Independent Online Edition > Crime : app2
As the shock subsides everyone here is tring to get back to normal. This link will take you to all the coverage from today's "Independent" newspaper, starting with some eyewitness accounts from the bus explosion.
As forensic teams dig deeper into whatever traces the perpetrators of this horror may have left behind, it seems increasingly certain that the single bus incident was the work of a suicide bomber. London is no stranger to terror attacks and we are constantly wary of unattended packages and the like - but if this is the case it will be a first. It also means some of our future vigilance will turn to people themselves more than objects they may have planted. If this results in a culture of suspicion the legacy of this attack may be more insidious than we think.
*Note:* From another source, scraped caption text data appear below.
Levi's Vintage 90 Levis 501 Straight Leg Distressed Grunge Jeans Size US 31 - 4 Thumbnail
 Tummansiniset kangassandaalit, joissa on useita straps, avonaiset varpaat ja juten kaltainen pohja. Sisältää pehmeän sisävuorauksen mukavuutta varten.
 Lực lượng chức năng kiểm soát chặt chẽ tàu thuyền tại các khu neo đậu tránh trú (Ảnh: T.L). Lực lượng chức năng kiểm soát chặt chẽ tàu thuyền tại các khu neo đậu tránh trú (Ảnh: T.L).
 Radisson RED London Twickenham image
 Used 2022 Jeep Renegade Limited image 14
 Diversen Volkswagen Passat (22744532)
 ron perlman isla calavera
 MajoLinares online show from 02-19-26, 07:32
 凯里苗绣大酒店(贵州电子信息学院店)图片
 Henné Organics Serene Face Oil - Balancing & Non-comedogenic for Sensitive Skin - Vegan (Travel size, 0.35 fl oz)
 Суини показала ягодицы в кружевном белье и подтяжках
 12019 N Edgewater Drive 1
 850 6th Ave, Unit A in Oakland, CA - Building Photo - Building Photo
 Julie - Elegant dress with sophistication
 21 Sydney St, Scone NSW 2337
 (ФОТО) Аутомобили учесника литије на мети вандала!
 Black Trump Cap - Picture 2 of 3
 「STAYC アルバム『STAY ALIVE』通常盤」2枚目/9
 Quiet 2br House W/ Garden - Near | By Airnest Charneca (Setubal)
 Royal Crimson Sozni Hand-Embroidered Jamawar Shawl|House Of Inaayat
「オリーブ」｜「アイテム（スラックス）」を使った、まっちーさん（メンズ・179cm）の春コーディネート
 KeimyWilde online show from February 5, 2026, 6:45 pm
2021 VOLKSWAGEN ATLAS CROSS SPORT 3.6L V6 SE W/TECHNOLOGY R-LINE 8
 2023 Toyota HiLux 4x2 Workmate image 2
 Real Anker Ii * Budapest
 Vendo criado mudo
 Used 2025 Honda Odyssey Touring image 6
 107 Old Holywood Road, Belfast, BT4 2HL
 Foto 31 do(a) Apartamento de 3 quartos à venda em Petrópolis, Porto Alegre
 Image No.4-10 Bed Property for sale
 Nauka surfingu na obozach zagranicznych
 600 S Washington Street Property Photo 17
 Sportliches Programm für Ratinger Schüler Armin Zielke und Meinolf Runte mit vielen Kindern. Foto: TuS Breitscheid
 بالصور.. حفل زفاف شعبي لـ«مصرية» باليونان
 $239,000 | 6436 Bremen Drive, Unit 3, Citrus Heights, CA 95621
Given that the suicide bomber detonated some time after the other bombs, it also raises the spectre that the whole assault could have been conducted, if not orchestrated, by a single person. I'm no expert, but the pattern of explosions around the junction of the Piccadilly and Circle (underground) lines looks like a group of pre-set devices may well have been planted from a single station before the culprit went aboveground and onto the bus. Of course, this assumes the trains were moving in the appropriate direction to arrive where they exploded and I certainly don't have the information to qualify that possibility. The thought however, is alarming.
As I write, the police will not confirm that the bus explosion was caused by a suicide bomber, so speculation is rather pointless. Meanwhile, in a rather quieter way than usual, life in London is returning to normal, proving that in the long run such atrocities, whilst remembered, will not serve to change our lives.
For completely unrelated reasons, I'm off out of town tomorrow - so, barring any later bulletins today, it will be Sunday or Monday before I'm back here. The website, including latest clicks, will be updated before I leave but may be dormant for a while thereafter.
Later, whenever.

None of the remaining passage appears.